I started liking Gordon Lightfoot in the mid-seventies. When I was living on Ward Street, I had an album of his called Cold on The Shoulder. I think I played that album every day and sometimes more than once a day.
It’s a comforting kind of words and singing. He wrote a song called “Rainbow Trout”
which is really about a lost girl, trying to find her way in this world. It was painful but comforting at the same time. I was that girl.
Then he had a double album called “Gord’s Gold.” Still one of my favorite albums, ever. There’s a song about building the railroad across Canada–I think he’s Canadian. “All the battles have been won, all the races have been run, on the mountain top we stand, all the world at our command.” I may have mixed up the words a little but he’s singing about how it feels to have arrived at a point in life where your own personal battles have been won. As I aged I would think about that. It’s not a rat race anymore and if you can live with the choices you’ve made and what fate has dealt you, you’re OK.

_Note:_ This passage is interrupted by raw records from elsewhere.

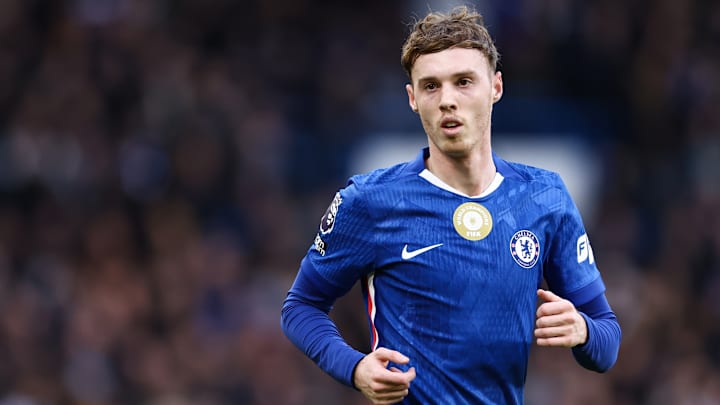 Chelsea v Brentford - Premier League Chelsea v Brentford - Premier League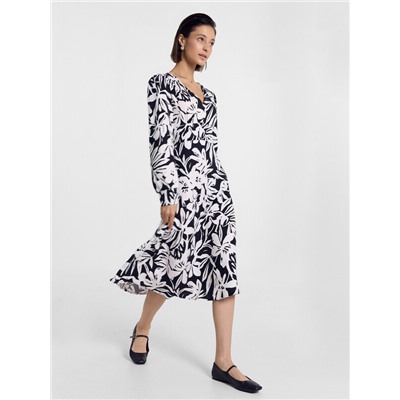 ПЛАТЬЕ ЖЕНСКОЕ 152512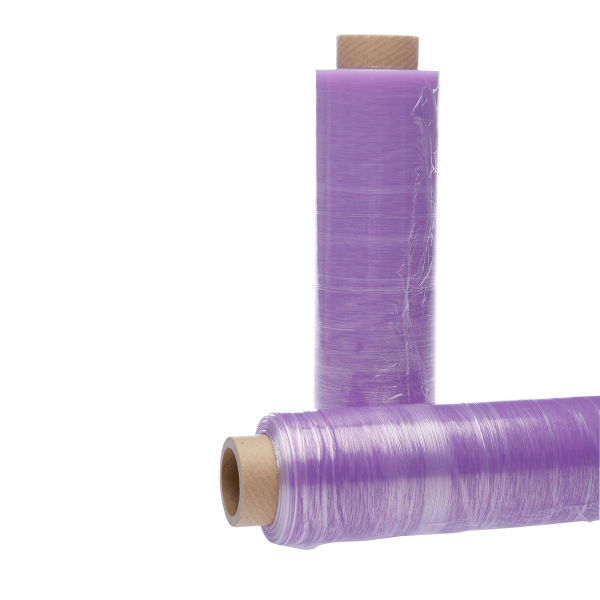 Body wrap foil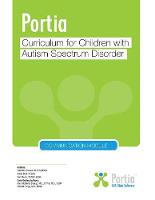Portia Curriculum - Communication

Now this may not sound like the person I am but I like Led Zeppelin. I hope I spelled that right. I’ve never heard anybody scream like Robert Plant. I have a tough side of me that wants to plunge down and find out what’s really there in the darkness. When I listened to Led Zeppelin I was on my way there. Then, years later, I heard Robert Plant being interviewed on the radio. He had a quiet speaking voice, spoke with a British accent, and talked about his family. The interviewer was expecting something very different and he said: “That’s the persona I put on to perform. The minute everything’s over I become who I really am–a nice, law-abiding, upper middle class Englishman.”